IMPROVING THE PERFORMANCE OF RTOS

USING MULTIPLE REGISTER FILES ARCHITECTURE

Jong-Woong Kim, Soo-Hyun Kwon, Kab-Su Han and Jeong-Hoon Cho

EEC, Kyung-pook National University, Daegu, Republic of Korea

Keywords: Task Context Switch, Real-Time OS, Embedded System, Register file (RF).

Abstract: In recent years, real-time operating systems (RTOS) have been becoming more and more important in

embedded systems because of increasing the number of task with complex functions and the need of faster

response time. Faster response time is strongly related to the task context switch time and especially task

context switch time is the most important factor to determine the performance of RTOS. Most embedded

systems are suffering from processing it. In this paper, we present the technique to improve the performance

of RTOS by reducing the task context switch overhead. To achieve this goal, we suggest multiple register

files architecture and a task to register file mapping algorithm based on rate monotonic (RM) scheduling

algorithm for efficiently using our new architecture. Also we show the experimental results to improving

our technique using ATmega103 implementation in FPGA. As a result we can decrease the task context

switch overhead up to 23% depend on the number of register files even though there are some area

overheads by increasing the number of register files.

1 INTRODUCTION

Recently, as embedded systems have extended their

application from traditional manufactures, logistics,

service business to high-tech aviation, space,

military, multimedia communication, and next

generation energy business, they have to support

multiple, real-time and multimedia processing

capabilities and the wire/wireless network service.

These trends result in increasing the complexity of

embedded system and embedded applications as

well and also the usage of real-time operating

system (RTOS). RTOS is the an operating system

intended for real-time applications and serves

application requests nearly real-time based on the

prioiry. It is desighed to minimize critical sections of

system code so that it can process application

requests within a certain amount of time. Thesedays

RTOS is widely used in the cellular phone

communication equipment, industry facilities and

vehicle and so on, and there are some popular RTOS

used in each relevant field repectively like IOS,

REX, L4 and OSEK. RTOS provides task

scheduling, resource management, synchronization,

communication and precise timing so it can cover

various applications (John and Rajkumar, 2004).

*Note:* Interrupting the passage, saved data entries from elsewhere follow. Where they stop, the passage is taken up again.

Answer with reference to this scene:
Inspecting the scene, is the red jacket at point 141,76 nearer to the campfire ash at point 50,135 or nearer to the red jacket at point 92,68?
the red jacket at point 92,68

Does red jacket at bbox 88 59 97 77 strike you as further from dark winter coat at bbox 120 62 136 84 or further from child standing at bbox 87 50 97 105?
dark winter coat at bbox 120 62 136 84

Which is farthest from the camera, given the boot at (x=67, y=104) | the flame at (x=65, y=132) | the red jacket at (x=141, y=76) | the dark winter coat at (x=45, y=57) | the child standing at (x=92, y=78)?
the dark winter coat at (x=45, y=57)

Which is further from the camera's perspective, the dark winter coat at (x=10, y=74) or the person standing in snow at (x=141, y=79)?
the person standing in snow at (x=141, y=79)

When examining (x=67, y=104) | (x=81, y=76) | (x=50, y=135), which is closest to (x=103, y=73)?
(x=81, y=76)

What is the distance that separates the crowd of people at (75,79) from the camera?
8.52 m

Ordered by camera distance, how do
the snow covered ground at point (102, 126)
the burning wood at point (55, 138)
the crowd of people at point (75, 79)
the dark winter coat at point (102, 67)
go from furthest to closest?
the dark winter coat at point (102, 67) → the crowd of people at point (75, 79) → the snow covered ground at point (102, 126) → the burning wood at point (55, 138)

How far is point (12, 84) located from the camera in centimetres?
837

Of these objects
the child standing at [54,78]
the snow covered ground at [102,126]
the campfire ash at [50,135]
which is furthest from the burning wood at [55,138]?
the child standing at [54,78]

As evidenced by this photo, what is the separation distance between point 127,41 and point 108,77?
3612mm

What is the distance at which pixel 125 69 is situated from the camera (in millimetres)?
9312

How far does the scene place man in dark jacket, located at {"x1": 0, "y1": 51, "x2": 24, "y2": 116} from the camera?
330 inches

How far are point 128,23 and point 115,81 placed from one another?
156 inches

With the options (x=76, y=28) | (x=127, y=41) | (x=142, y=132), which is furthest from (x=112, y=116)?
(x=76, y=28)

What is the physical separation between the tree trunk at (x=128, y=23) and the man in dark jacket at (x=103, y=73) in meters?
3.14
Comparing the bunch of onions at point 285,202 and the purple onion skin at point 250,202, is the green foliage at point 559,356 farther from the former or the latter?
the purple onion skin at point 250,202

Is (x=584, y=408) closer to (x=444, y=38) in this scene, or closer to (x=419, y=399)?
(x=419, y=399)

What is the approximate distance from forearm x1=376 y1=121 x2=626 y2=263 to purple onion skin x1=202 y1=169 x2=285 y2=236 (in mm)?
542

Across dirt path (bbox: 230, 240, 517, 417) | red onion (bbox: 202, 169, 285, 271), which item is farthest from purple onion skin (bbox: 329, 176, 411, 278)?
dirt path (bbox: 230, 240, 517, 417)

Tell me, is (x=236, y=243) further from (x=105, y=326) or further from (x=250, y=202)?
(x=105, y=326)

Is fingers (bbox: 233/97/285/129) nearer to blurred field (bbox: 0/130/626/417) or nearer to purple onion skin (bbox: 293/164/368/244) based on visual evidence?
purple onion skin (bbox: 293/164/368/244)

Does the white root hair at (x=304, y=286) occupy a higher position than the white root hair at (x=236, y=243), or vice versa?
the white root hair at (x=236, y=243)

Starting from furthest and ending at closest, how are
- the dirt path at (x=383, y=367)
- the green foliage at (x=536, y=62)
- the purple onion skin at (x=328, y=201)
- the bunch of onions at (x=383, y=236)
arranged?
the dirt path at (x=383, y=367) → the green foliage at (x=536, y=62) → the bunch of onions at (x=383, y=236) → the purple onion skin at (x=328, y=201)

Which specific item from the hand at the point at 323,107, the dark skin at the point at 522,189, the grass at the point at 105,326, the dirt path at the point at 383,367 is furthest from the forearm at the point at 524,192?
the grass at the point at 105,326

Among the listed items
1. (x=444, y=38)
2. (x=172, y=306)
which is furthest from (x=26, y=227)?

However there exists some overheads such as task

scheduling, time management, and event

management which cause the performance

degradation of RTOS like difficult prediction or late

response time. Therefore it is important to reduce

these overheads to guarantee the performance of

RTOS.

Task context switching refers to the computing

process of storing the present state and restoring the

previous state of CPU so that CPU can resume from

the same point at a later time. It can make multiple

processes possible to share a single CPU. Though

task context switching is an essential feature of a

multitasking embedded system, it causes

unavoidable system overhead at the same time

(Philip, 1996) (Hassan, 2000). In general, the

overhead of context switching is about 10~20% in

total running time (Dan, 2007).

In this paper we suggest the technique for

reducing the overhead of task context switching that

is the most critical part of RTOS. Our technique

organizes the multiple register files (MRF)

architecture and a mapping algorithm between tasks

and register files (RF) based on the rate monotonic

(RM) scheduling algorithm(Stewart and Barr, 2002).

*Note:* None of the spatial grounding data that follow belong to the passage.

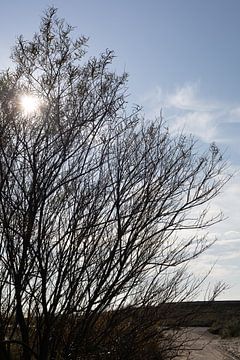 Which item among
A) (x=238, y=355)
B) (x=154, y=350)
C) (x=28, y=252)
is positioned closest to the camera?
(x=28, y=252)

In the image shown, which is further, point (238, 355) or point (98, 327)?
point (238, 355)

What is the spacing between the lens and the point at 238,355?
2228 cm

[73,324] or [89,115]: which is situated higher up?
[89,115]

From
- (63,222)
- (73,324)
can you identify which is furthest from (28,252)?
(73,324)

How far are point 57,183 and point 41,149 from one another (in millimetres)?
493

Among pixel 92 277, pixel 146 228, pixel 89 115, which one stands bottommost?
pixel 92 277

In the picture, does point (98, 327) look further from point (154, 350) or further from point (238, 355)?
point (238, 355)

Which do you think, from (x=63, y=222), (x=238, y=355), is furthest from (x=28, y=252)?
(x=238, y=355)

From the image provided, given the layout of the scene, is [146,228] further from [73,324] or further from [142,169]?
[73,324]

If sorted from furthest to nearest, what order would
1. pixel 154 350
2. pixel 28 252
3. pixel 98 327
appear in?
1. pixel 154 350
2. pixel 98 327
3. pixel 28 252

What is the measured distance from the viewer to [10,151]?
7176mm

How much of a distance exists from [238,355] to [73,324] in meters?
16.8

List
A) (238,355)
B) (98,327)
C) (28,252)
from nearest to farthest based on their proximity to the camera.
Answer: (28,252) < (98,327) < (238,355)

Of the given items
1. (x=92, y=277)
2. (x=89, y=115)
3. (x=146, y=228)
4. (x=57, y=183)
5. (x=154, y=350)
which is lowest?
(x=154, y=350) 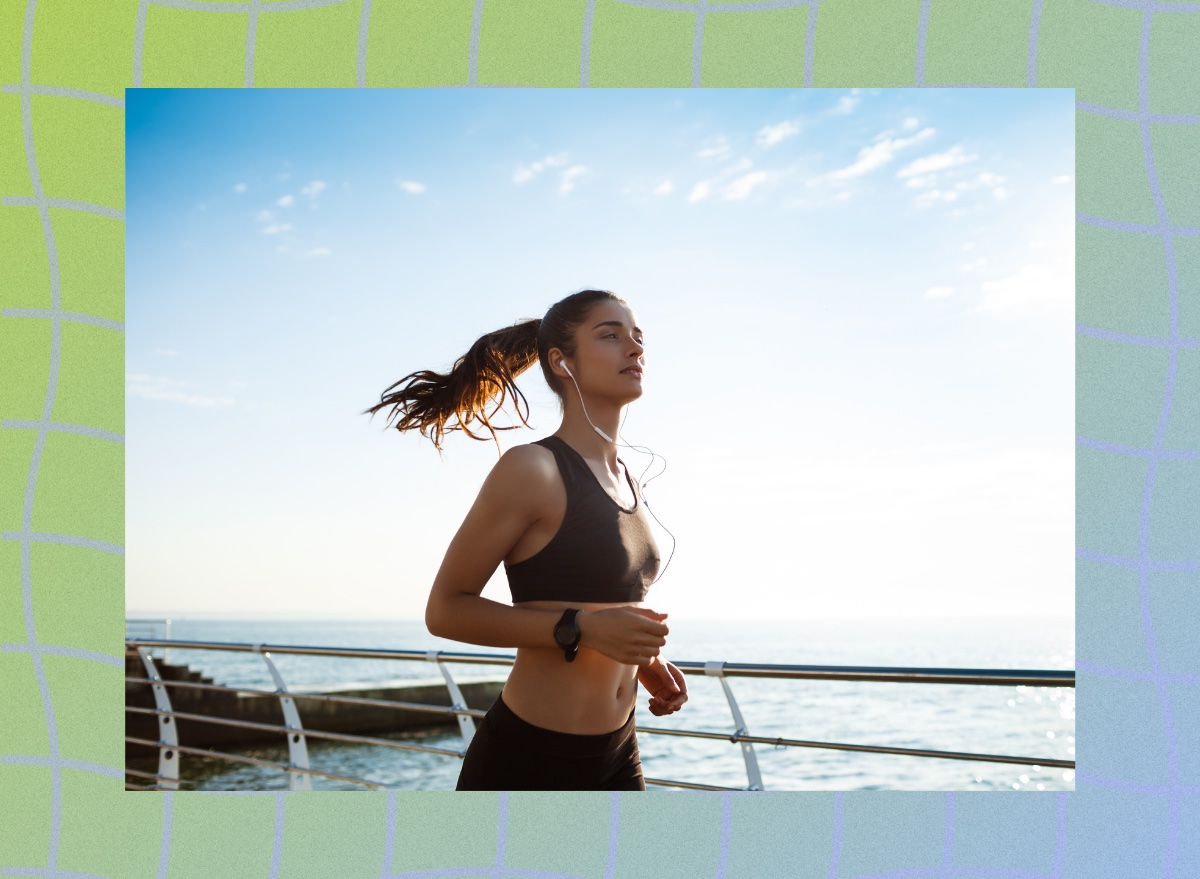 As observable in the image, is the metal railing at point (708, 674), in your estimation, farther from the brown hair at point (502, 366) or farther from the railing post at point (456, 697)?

Our technique makes it possible to reduce the task

451

Kim J., Kwon S., Han K. and Cho J. (2011).

IMPROVING THE PERFORMANCE OF RTOS USING MULTIPLE REGISTER FILES ARCHITECTURE.

In Proceedings of the 1st International Conference on Pervasive and Embedded Computing and Communication Systems, pages 451-455

DOI: 10.5220/0003365304510455

 SciTePress

context switching overhead so that it can gurantee

faster reponser time.

This paper is organized as follows. In section 2,

we present the previous and related works and

describe our MRF architecture and scheduling for

fast context switching in section 3. In section 4 we

show the experimental results about the context

switching improvement using our approach. Finally

we make a summary of our work and conclusions

and talk about our future work in section 5.

2 RELATE WORKS

In the past many researches on RTOS have focused

on the scheduling mechanisms but most of them did

not pay attention to the task context switching. But

as the importance of task context switching is

getting bigger, there are more researches aiming at

reducing task context switching overhead. We can

divide them into two parts; one is for minimizing the

the other is minimizing the frequency of context

switching. First of all, (Snyder, Whalley and Baker,

1995) and (Zhou and Petrov, 2006) suggested an

architecture and compiler techniques to reduce the

ideas were based on the difference of the number of

used registers of each task during the execution time.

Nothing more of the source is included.